Solving an equation involving surds

[chwala]

Homework Statement

Find $x$,
if $x^{0.5}+x^{1/3}=12$

Relevant Equations

surds

$x^{1/6}=12x^{1/3}-1$

 

[chwala]

is there a way of solving this algebraically or one has to use numerical methods?Newtons finite methods or something like that. i know that $x=64$.

 

[fresh_42]

Your second equation is wrong.
Anyway. What do you get if you substitute $u=x^\frac{1}{6}\,?$

 

[chwala]

fresh how are you...yeah the equation is supposed to be;

$x^{1/6}$=$12x^{-1/3}-1$. i thought of that substitution,
i thought of,
$x^{({1/2})({1/3})}=12x^{-1/3}-1$

 

[fresh_42]

You have $x^{1/2}+x^{1/3}=12$ which is not the same as $x^{1/6}=12x^{1/3}-1$.

Again, what do you get from $x^{1/2}+x^{1/3}=12$ if $u=x^{1/6}$?

 

[chwala]

You have $x^{1/2}+x^{1/3}=12$ which is not the same as $x^{1/6}=12x^{1/3}-1$.

Again, what do you get from $x^{1/2}+x^{1/3}=12$ if $u=x^{1/6}$?

i divided each term by $x^{1/3}$...
i wanted to simplify in a way, and have some common term...

 

[chwala]

if $u = x^{1/6}$
then, we shall have, $u^3+u^2=12$
$u^2(u+1)=12$

 

[WWGD]

There is a general solution formula for cubics.

 

[chwala]

There is a general solution formula for cubics.

i am getting $u= [{-3±i√(15)}]/2$

 

[WWGD]

Sorry, I am on my phone, no paper, hard to check. Can you try Wolfram? But notice you must end up with 3 roots up to multiplicity. Where is the third?

 

[chwala]

Sorry, I am on my phone, no paper, hard to check. Can you try Wolfram? But notice you must end up with 3 roots up to multiplicity. Where is the third?

sorry, i was not keen, $u=2$ is another solution,
now, $x^{1/6}=2 →x= 2^6 = 64$

Bingo! WWGD and Fresh!

 

[fresh_42]

if $u = x^{1/6}$
then, we shall have, $u^3+u^2=12$
$u^2(u+1)=12$

Yes, and $12=12\cdot 1 = 6 \cdot 2 = 4 \cdot 3$. Which one do we get for $u$?

 

[chwala]

so the general idea or thinking in similar kind of equations is to think of the lcm of the exponents and come up with another variable...

 

[fresh_42]

so the general idea or thinking in similar kind of equations is to think of the lcm of the exponents and come up with another variable...

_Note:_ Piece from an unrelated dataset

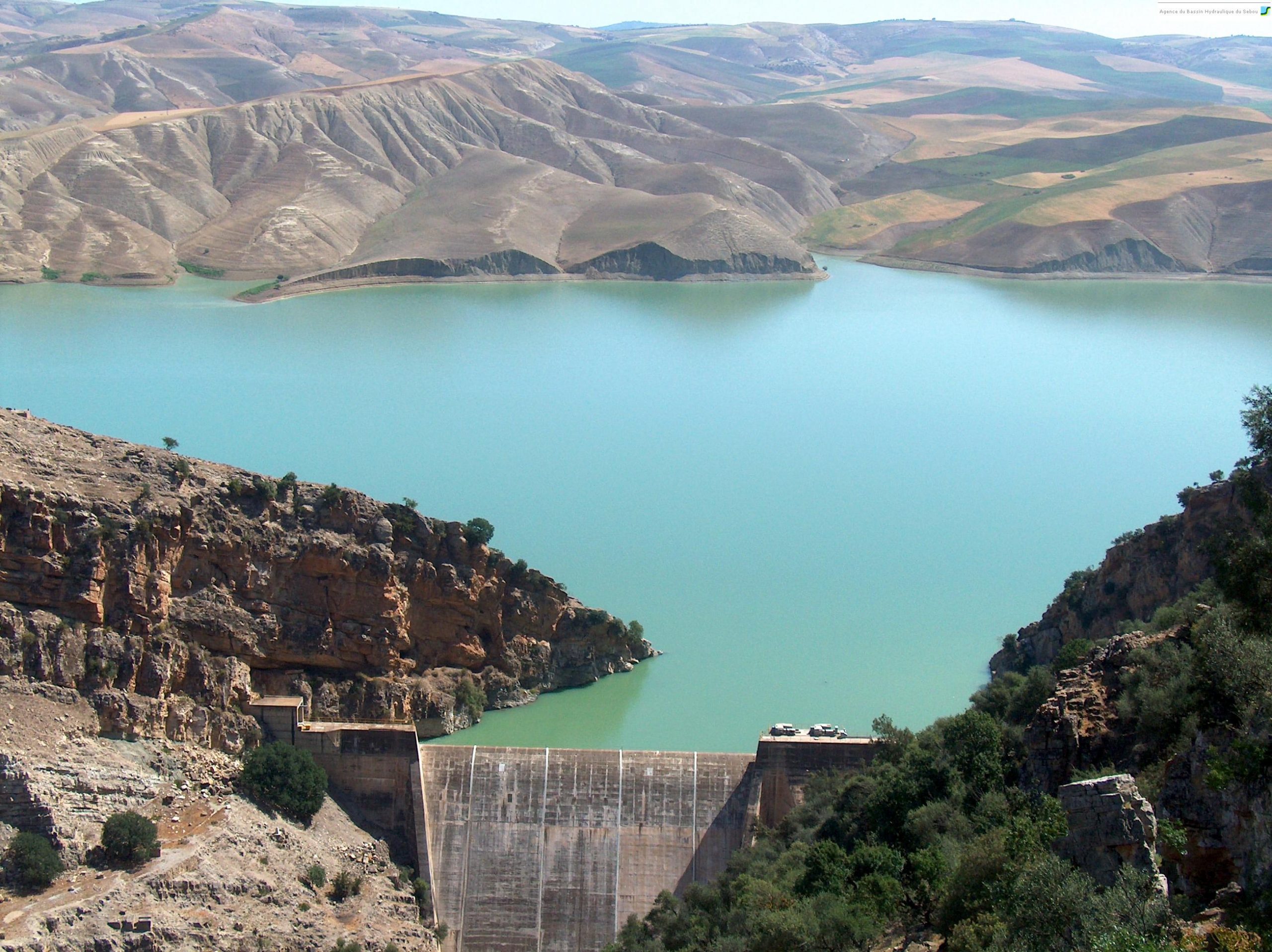 Bassin de Sebou : un taux de remplissage des barrages de plus de 51 pc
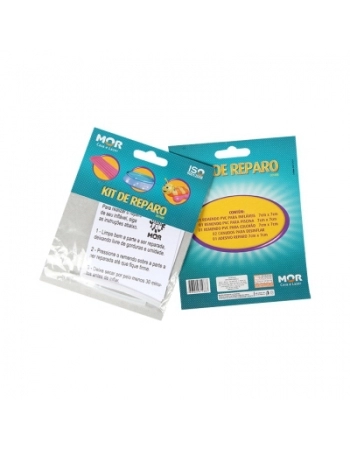 KIT REPARO PARA PISCINA E INFLAVEIS 1488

Yes, but it depends on the case. I would say: "The general idea is to get rid of what disturbs!" And since $1/2$ and $1/3$ disturbs in this case, we need $1/6$ to get rid of both at the same time.

 

[chwala]

just going on with my thoughts on similar kind of problems, consider,

$x^{1/10} + x^{1/5}=1056$
the lcm is $10$
therefore, letting $u^{10}= x$ we shall have,
$u+u^2=1056$
is my thinking correct? i earlier indicated that establishing the lcm may be key in solving such kind of problems.
regards,

 

[Mark44]

just going on with my thoughts on similar kind of problems, consider,

$x^{1/10} + x^{1/5}=1056$
the lcm is $10$
therefore, letting $u^{10}= x$ we shall have,
$u+u^2=1056$
is my thinking correct? i earlier indicated that establishing the lcm may be key in solving such kind of problems.
regards,

Yes, that's the right idea. The equation you ended with above can be factored without too much difficulty. Keep in mind, though, that you need to verify that any solutions you get must satisfy the original equation, so it's possible that some solutions of the equation in u don't work in the original equation.

 

[chwala]

Yes, that's the right idea. The equation you ended with above can be factored without too much difficulty. Keep in mind, though, that you need to verify that any solutions you get must satisfy the original equation, so it's possible that some solutions of the equation in u don't work in the original equation.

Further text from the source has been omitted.